What can you do about relentlessly dogmatic colleagues? Dr MARIE WILSON, head of management and employment relations at the University of Auckland Business School and a veteran of 20 years in corporate management and small business, offers advice.
I have a colleague in my team who tends to go into things with fairly fixed ideas and the conviction that he is right. He's quite dogmatic, and it makes round-table discussion - or even anything vaguely consultative - quite difficult.
He doesn't seem to want to look past his own ideas or opinions. Is there some way of persuading him, subtly, to adopt a more open, listening approach without him taking enormous offence?
The technique for managing dogmatics at the individual level is usually by asking for evidence that they are right. But that can make them all the more defensive as they will assume that what they feel is only what "everyone knows to be true".
This is the personality type that brainstorming and other creative meeting techniques were designed for.
In brainstorming, everyone puts in ideas, and judgments are specifically forbidden until all the ideas are recorded.
Other techniques require everyone to hear and record their ideas without judgment.
Market researchers often use brainstorming initially and then give everyone stick-on dots or vouchers so that everyone has an equal "vote" in what the group decides.
If you are the group leader, it is up to you to shepherd the group process, and this may include taking the team member aside and explaining the effect their behaviour has on others.
If you have the resources, you might consider getting your team to take a creative thinking workshop, so that you have a shared understanding of how to generate ideas, challenge assumptions and make good decisions.
At a purely tactical level, if you have a dogmatic or negative team member, sit next to that person at the meeting so you can ask for everyone's ideas and opinions by moving around the table, always saving that member for last.
You can place your hand on their arm and interrupt a tirade if necessary when they do get a chance to speak.

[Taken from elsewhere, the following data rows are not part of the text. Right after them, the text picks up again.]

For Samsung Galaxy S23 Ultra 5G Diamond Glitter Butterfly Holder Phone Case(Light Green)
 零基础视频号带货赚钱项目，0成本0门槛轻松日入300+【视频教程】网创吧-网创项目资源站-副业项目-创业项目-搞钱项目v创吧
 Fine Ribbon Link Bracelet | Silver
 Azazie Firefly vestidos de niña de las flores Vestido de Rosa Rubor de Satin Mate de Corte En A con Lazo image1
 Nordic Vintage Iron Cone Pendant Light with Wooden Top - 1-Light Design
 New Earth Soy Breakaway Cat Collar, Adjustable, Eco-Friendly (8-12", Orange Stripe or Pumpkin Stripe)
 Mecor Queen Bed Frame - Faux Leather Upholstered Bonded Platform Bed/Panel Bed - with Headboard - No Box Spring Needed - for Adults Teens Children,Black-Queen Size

My job involves dealing mainly with a lot of men, old and young, who all insist on treating me as if I am a delicate lady - they open doors, take my arm when we cross the road, pull my seat out for me, stand up when I enter a room.
Polite as this may be, it makes me feel patronised and goes totally against the reputation I am trying to establish as being their equal - not acting like a man but just an equal!
How should I cope with this and stop them calling me "darling" and "my dear", but without offending them?
If you want to be treated as an equal, earn respect through your performance and keep your reputation-building focused there.
Make sure your achievements and competence are visible to others by seeking feedback and taking credit where it is due.
Rebuffing what others see as acts of courtesy will not improve your reputation.
Even if it grates for you, rushing for the door first or ignoring other gestures will only make your colleagues feel awkward and cause you to be seen as rude.
Certainly they are aware that you can open a door for yourself, so it is not meant to imply that you are incapable.
The issue of not being called by name, however, is not so much a matter of old-style courtesy and is fairly easy to address.
The next time you are spoken to as "darling" or "my dear", you can say, "I really wouldn't want anyone to misunderstand our professional relationship, so I prefer that you call me ... at work".
If that fails, I suppose you could call them "snooky-wookums" in return, until they get the point.